===== Records shown

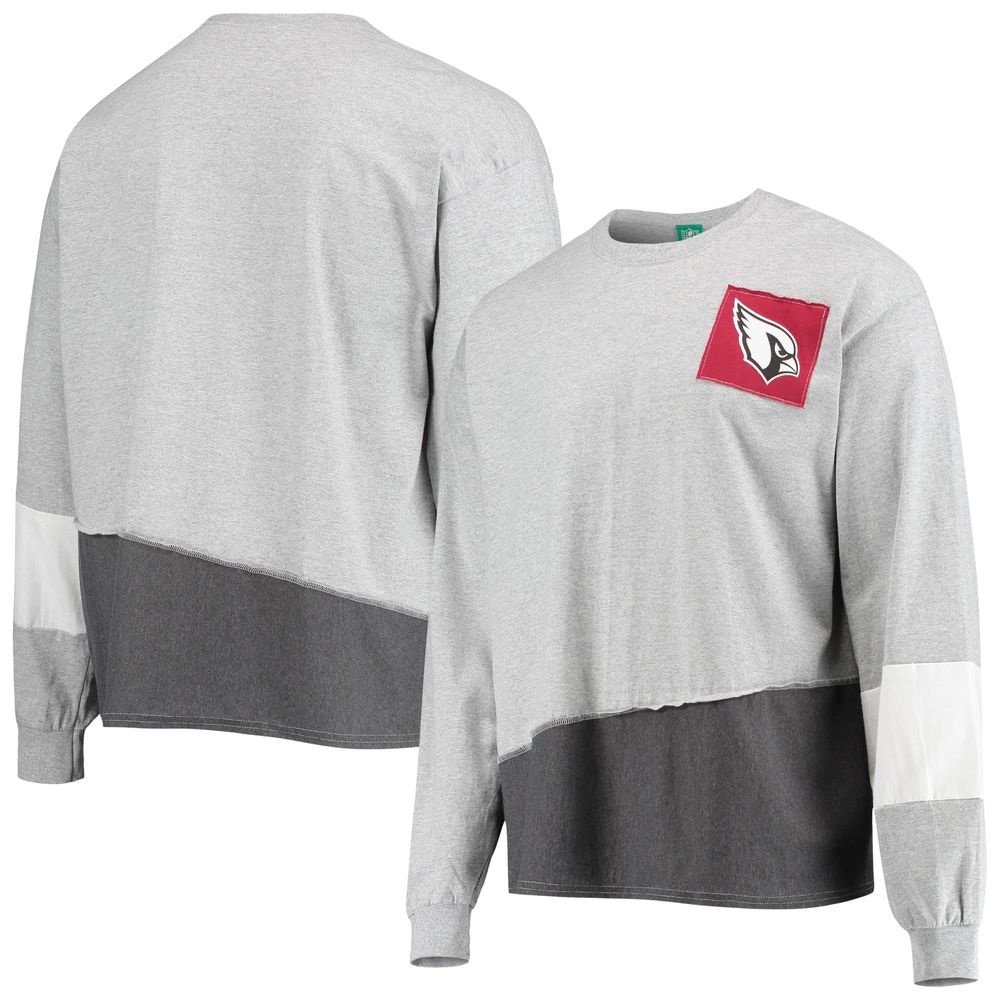 Refried Apparel Men's Refried Apparel Gray Arizona Cardinals Sustainable  Angle Long Sleeve T-Shirt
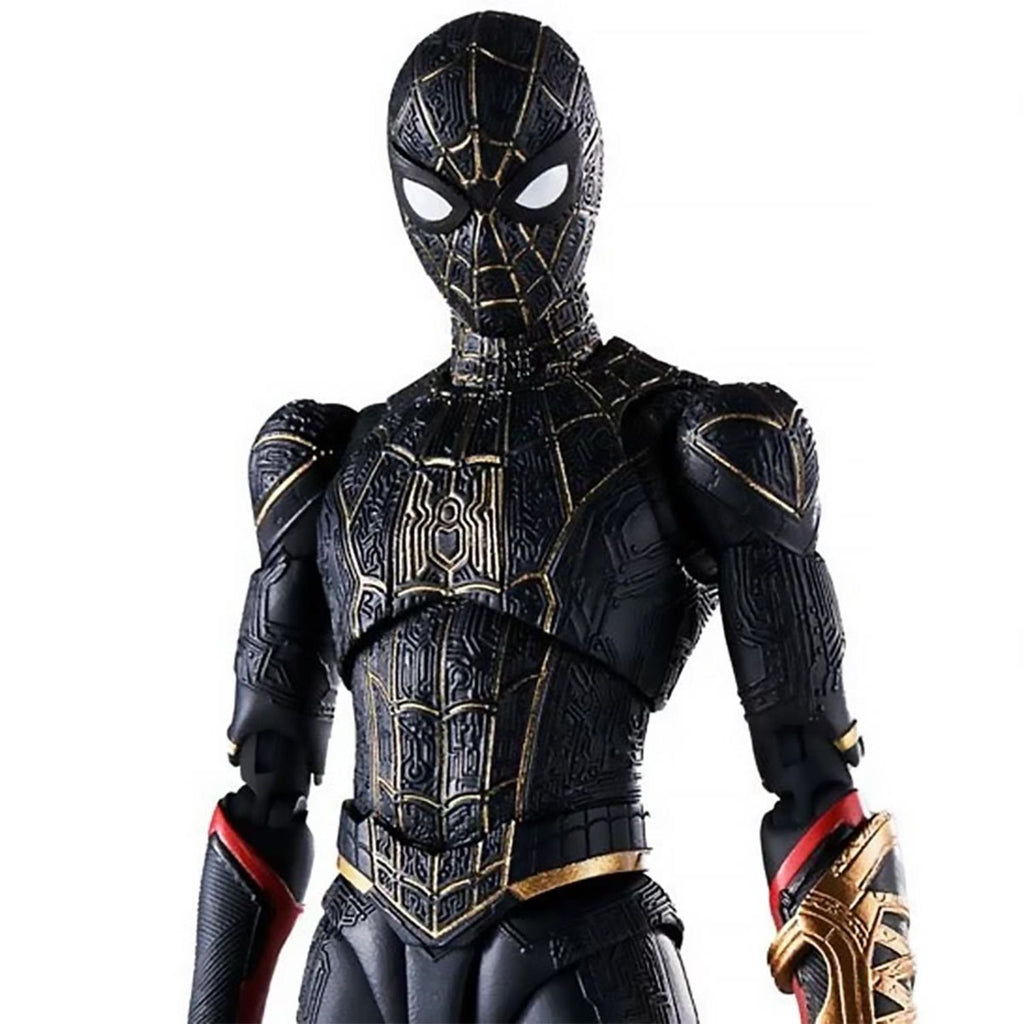 Spiderman No Way Home SH Figuarts Spider-Man Black & Gold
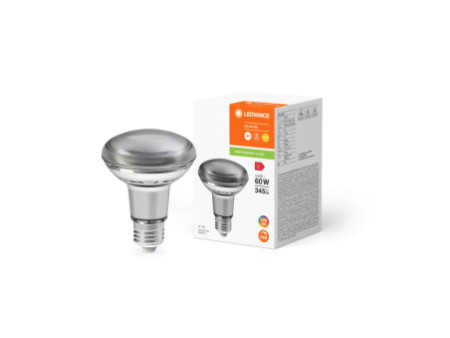 LEDVANCE Ampoule LED R80 DIM, 4,9 Watt, E27 (927)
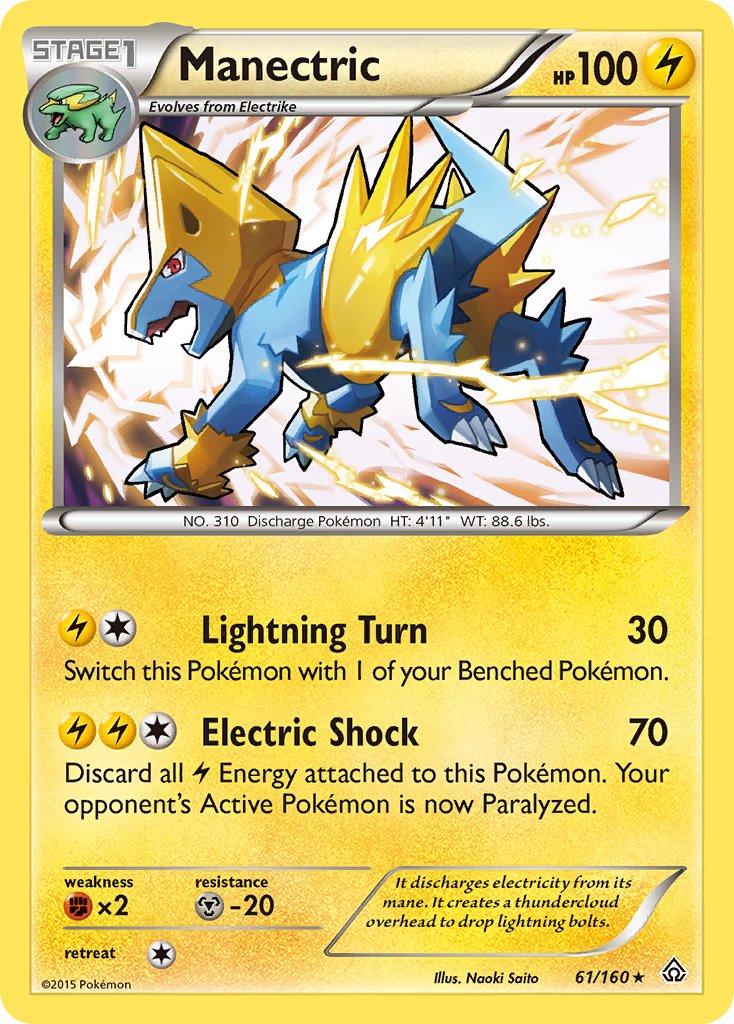 Manectric (XY Primal Clash) (61/160) [Theme Deck Exclusives] | KingTCG.ca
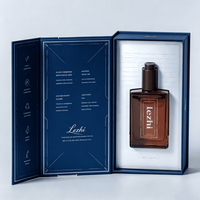 Boîte à parfum personnalisée avec couvercle magnétique à rabat et ruban, boîte à parfum vide, emballage de luxe rigide pour parfum, boîte cadeau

==========

- [Exercise instructions]:
Nothing but the lines from the one containing "LEDVANCE Ampoule LED" through the end of the listing should be printed, each exactly as it appears and without pictures.

- [Solution]:
 LEDVANCE Ampoule LED R80 DIM, 4,9 Watt, E27 (927)
 Manectric (XY Primal Clash) (61/160) [Theme Deck Exclusives] | KingTCG.ca
 Boîte à parfum personnalisée avec couvercle magnétique à rabat et ruban, boîte à parfum vide, emballage de luxe rigide pour parfum, boîte cadeau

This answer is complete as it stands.